From an administrative point of view, both of the programs require monthly reporting, which is rather onerous. In the case of the royalty framework, it’s actually double reporting. Year one, we report budgeted drilling and completion costs then in year two we go back and report actuals. We are actually still waiting to see what the reporting for the royalty framework will look like as the government has not yet ruled out a system. Both January and February data are supposed to be reported by the end of March unless the government has further delays.
So depending on this level of detail, we’ll drive the complexity in the process design and reporting that we have to implement. We have already designed and implemented the carbon levy reporting process and we filed our first return at the end of February. We estimate right now that it will require about one fulltime equivalent position to capture, compile, review and report the data. At a time when cost containment is paramount, it is disappointing that these additional costs are being additive to the industry with no basement really.
Big work project for the government, great.
Thanks, Scott. JP, I mentioned earlier that you were going to talk a little bit, can you maybe elaborate a little bit on our Q4 drilling program, the wells that we drilled in the development areas and maybe some stepout areas? Can you also maybe talk a little bit of color on the results for Q4 and what that means for the lineup?
Sure Darren. Our current – our Q4 drilling program consisted of a predominantly development program, I think, in the Sundance area, while we drill a lot step out wells as you referred to the mid-Brazeau area. Our Sundance program largely met our expectations with results that were consistent with the past. Brazeau we were following-up with some great results on our [indiscernible] play earlier in the year. But had mixed results in Q4, as you mentioned, in the opening. And then as a group they underperformed our expectations for sure.

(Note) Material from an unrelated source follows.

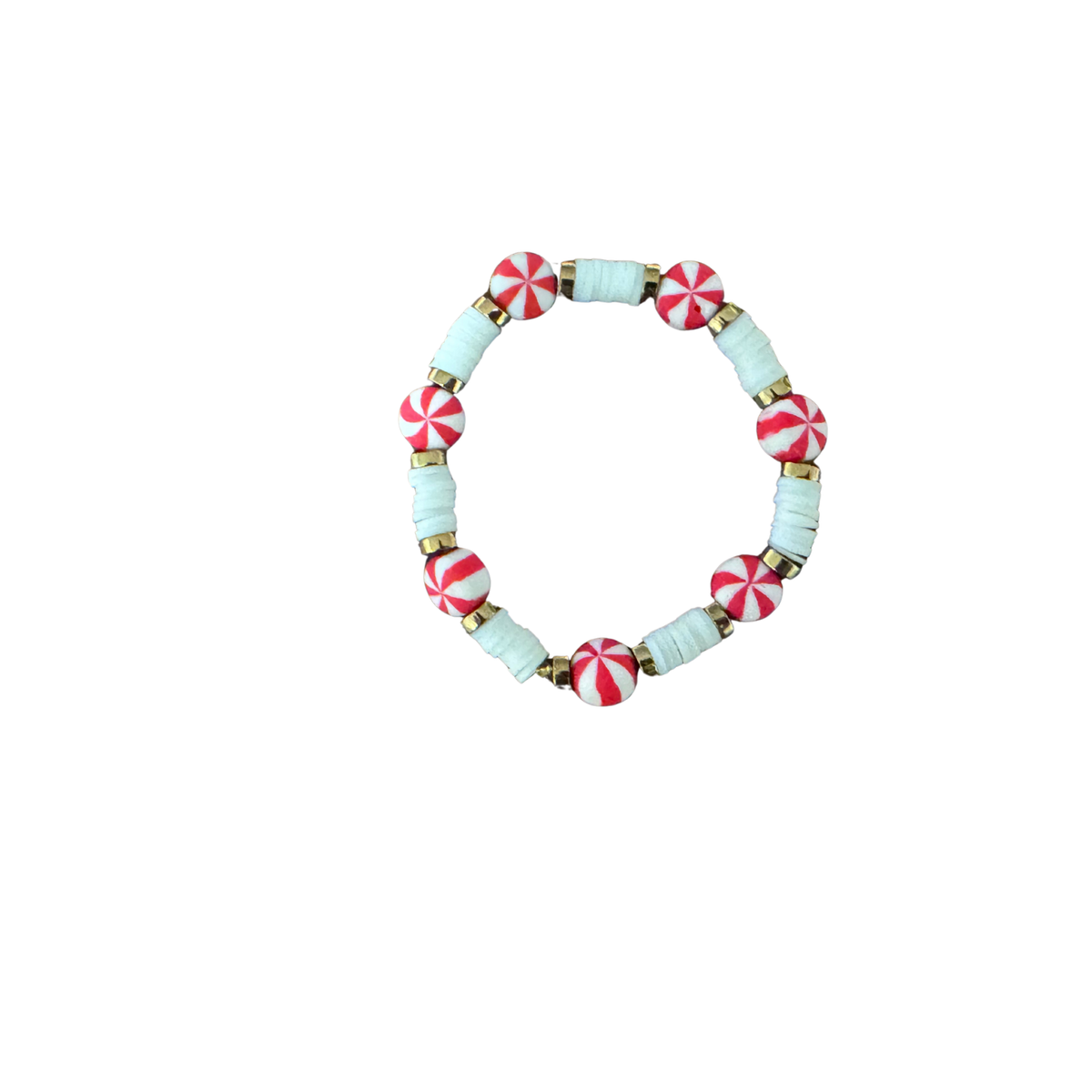 Violet&#39;s Sparkle shop-Bracelet bracelet w/ charm-Peppermint candy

The tool the line-up for the first half of the year have slightly lower mix of the exploratory or riskier type wells than last year. But where we are stepping out on trends that we see seismically, we are drilling vertical, stratigraphic wells first, which are carefully positioned on dark plays like our Faulted Cardium. To lower the risk and confirm the presence and thickness of sands, before we plug back and reenter them with a horizontal. Now all of this take a little longer and cost a little more it should pay off in a long run with improved economic results.

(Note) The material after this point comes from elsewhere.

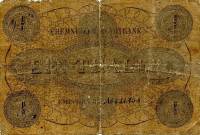 (№1867P-S638) Банкнота Германия 1867 год "1 Thaler"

So far this strategy appears to be working and we’re very encouraged with the results we’ve drilled so far in 2017. We do have a lot of wells right now at various points of completion or time. And this is partially related to our continued focus on cost control, and drilling from pads. But we also have drilled few wells a little farther away from our infrastructure that we’re excited to get on stream, some of which will take a little longer to get on as we build out that – build the infrastructure.
Okay. Good I think we’ve got a good lineup after the first half of the year. We got David Thomas, our VP Exploration here. So, Dave one of the questions, I get a lot is sort of about Peyto’s inventory. I think there’s not a great understanding about how we build out inventory overtime, and how we’ve done such a good job with such a small land base.

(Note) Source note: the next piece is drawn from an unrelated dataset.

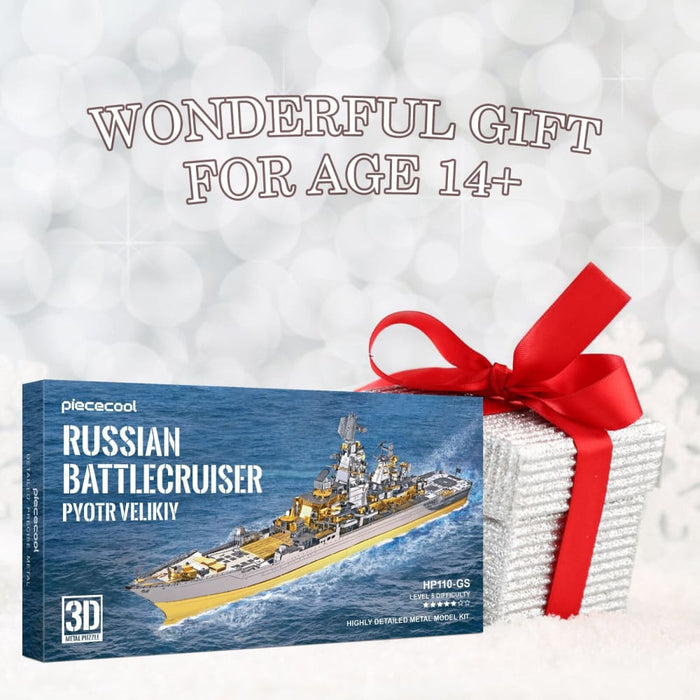 3d Metal Puzzle -russian Battlecruiser Pyotr Diy Jigsaw Toy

So, I thought I’d ask this question again, that I get all the time, we added to our prospect inventory last year, we made several small acquisitions, we did some Crown land sales. So that obviously adds to our inventory. So I guess the question would be how much of the 2016 drilling program is targeting these new areas? And maybe how much of it is on the old inventory that we had preexisting prior to some of these new land ads? And what’s the sort of split?
And then maybe secondly, does gas price or the change in gas price that we seen quite dramatically here over the last couple of months does that change how our drilling line up looks for the year?
Darren, the new lands we added in 2016 were mostly in the Greater Sundance area, but some down in Brazeau. At 145 to 160 wells we have plan for 2017, 32 are scheduled to be drilled on the lands which we acquired just last year in 2016. That’s in the neighborhood of 20% of our 2017 drilling program. I should also point out that these 32 locations include 23 development locations in Greater Sundance. The remaining 120 to 130 locations planned for 2017 will come from our existing inventory which at year end 2016 included 1,290 Spirit River and Bluesky locations of which 724 were recognized as booked locations in our independent reserve support.
The main point of mentioning is to reemphasis that our inventory is never static, we are constantly adding to it and the new locations added are a mix that can, that the lands we acquired in 2016, they can include a very high proposition of development opportunities closing to our existing infrastructure.
As to the second part of your question, Peyto will not begin to produce un-hedged volumes into a low price market and we’ll modify our drill plant accordingly but, find out we are well-hedged as you know, and we also have some portfolio of Faulted Cardium locations that are beginning insert into our plant if we need to emphasis the liquids portion of the program a little more.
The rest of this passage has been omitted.